Wednesday 26 August 2020

The long and the short of it

I've been writing today about the longest place name not only in New Zealand, but also THE WORLD! It's in the southern Hawkes Bay and it's "Taumatawhakatangihangakoauauotamateaturi pukakapikimaungahoronukupokaiwhenuakitanatahu" which means "the place where Tamatea, the man with the big knees, who slid, climbed and swallowed mountains, known as 'landeater’, played his flute to his loved one". It's also a bit of a cheat, since there's good reason to say it should be written as the sentence that it is, and not a single word.

However, as it is, at 85 letters, it's officially the world's longest place name, sweeping aside the feeble competition from Llanfair-etc in Anglesey, in Wales, with its piffling 58 letters. It was 2009 when I went there, and I can't remember much now about the town, apart from the famous sign at the railway station:
Without a doubt, though, there's more to see there than there is at Taumata Hill, which you get to by driving 60 winding, hilly kilometres from Waipukurau, hardly a vibrant centre itself.

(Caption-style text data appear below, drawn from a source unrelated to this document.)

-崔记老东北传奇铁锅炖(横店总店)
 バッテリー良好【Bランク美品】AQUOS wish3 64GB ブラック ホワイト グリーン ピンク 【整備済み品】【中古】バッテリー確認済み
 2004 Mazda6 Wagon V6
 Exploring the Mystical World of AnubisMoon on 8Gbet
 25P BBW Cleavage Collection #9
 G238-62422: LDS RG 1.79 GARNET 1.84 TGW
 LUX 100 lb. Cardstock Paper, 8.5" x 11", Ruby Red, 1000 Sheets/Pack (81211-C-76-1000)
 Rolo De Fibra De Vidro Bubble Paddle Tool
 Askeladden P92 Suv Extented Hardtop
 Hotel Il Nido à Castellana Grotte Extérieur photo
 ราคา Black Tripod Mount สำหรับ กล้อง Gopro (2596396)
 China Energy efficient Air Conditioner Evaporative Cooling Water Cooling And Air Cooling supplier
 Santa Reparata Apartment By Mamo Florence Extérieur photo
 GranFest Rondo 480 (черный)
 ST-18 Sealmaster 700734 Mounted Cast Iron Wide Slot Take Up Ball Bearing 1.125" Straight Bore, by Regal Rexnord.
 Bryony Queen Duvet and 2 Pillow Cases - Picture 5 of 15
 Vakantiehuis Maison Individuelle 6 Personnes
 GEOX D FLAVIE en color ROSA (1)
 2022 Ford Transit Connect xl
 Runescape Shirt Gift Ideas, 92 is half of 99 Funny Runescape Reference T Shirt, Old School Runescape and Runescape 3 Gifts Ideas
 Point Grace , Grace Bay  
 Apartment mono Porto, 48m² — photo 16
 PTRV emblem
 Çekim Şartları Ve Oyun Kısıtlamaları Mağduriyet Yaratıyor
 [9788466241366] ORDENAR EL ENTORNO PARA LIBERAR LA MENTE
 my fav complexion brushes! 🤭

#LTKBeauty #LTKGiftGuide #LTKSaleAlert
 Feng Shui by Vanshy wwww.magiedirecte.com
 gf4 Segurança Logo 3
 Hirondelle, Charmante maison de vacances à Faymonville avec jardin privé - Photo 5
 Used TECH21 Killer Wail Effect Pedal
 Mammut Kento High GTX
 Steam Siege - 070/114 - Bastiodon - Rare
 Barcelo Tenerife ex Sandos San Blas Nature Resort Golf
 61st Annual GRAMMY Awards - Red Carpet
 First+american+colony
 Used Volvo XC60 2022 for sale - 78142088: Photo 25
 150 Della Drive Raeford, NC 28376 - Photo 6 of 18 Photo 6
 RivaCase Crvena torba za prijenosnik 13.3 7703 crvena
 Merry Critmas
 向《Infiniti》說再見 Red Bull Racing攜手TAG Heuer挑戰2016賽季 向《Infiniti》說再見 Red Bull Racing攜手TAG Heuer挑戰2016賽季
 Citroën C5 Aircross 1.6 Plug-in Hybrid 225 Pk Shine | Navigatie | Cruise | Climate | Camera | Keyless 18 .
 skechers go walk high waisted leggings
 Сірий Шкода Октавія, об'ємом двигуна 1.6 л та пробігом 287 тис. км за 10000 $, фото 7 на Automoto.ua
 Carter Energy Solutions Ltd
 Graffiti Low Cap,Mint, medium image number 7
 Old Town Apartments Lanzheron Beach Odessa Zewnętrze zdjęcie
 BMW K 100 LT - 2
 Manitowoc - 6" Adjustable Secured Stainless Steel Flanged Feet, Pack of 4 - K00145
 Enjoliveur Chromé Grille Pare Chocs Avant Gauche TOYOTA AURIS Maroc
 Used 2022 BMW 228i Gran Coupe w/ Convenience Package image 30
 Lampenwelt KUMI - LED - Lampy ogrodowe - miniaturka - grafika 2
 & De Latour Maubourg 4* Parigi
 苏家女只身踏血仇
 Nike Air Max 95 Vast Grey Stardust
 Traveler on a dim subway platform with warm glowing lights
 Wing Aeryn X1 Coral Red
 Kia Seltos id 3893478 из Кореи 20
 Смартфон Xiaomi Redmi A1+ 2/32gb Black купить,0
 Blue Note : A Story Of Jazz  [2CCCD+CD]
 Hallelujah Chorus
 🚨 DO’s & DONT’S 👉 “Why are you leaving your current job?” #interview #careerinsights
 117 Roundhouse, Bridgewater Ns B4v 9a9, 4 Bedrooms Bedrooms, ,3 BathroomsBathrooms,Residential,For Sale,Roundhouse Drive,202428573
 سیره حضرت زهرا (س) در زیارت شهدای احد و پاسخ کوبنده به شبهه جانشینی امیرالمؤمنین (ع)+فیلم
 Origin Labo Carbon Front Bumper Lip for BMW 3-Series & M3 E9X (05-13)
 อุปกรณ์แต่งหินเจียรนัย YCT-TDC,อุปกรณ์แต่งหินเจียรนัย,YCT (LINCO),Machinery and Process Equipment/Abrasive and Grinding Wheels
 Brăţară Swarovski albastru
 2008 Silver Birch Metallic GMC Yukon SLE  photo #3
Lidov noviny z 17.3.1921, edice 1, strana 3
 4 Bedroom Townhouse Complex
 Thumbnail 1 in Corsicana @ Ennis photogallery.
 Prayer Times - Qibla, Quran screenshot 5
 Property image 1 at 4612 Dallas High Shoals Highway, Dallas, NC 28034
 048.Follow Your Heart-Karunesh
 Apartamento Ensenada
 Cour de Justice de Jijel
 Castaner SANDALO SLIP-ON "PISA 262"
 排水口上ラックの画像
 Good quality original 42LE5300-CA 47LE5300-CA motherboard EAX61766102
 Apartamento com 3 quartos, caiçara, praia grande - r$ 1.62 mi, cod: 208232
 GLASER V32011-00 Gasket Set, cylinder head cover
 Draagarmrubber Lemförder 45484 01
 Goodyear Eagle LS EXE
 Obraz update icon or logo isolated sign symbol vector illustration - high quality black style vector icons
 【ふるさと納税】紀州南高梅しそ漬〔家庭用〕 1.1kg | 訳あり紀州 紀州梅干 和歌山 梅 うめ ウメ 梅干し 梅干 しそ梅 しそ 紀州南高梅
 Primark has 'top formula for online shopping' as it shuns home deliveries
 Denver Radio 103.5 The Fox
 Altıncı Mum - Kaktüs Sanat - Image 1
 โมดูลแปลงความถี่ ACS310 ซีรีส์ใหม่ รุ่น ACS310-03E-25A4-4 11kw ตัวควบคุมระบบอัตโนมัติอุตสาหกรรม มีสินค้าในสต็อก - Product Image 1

It's just a middling-sized hill surrounded by farmland - but they did do their best with the sign, which is 10 metres long these days. When I went there, back in 1980, to the accompaniment of increasingly impatient tutting from the OH behind the wheel, it was just a standard yellow AA sign, if somewhat larger than usual.
It sent me off on a brief tangent to find out what the country's shortest name is, but that only brought up some pretty standard Anglo-Saxon like Gore, and Cust. I did discover, though, that there are many countries in the world with one-letter place names. Most of them are in Scandinavia and one is in the Lofoten Islands in Norway, where I went in 2018, although not as far south as  (that should actually be a little circle over the A, but I couldn't find one like that).
It was a pretty dull day there, weather-wise, which is probably standard, though of course the myriads of Instagram photos of Lofoten are uniformly bright and colourful. It was good to get there, though, and have a drive around. (I was the only one, it turned out, in our little group from the cruise ship, who had a driver's licence with me, so I did the driving, which was fortunately less challenging than it could have been, because the roads were so quiet and the other drivers so considerate). 
Pleasing clean-lined bridges, villages curled around their little ports full of fishing boats, racks with cod drying on them, pointy hills and pointier mountains with snow on even in July, red barns, yellow houses, orange kelp, sheep in green fields... It was lovely, even under low cloud. 

1 comment:

the queen said...

I wonder what it’s called when it’s at home. “I was born in Taumatea?”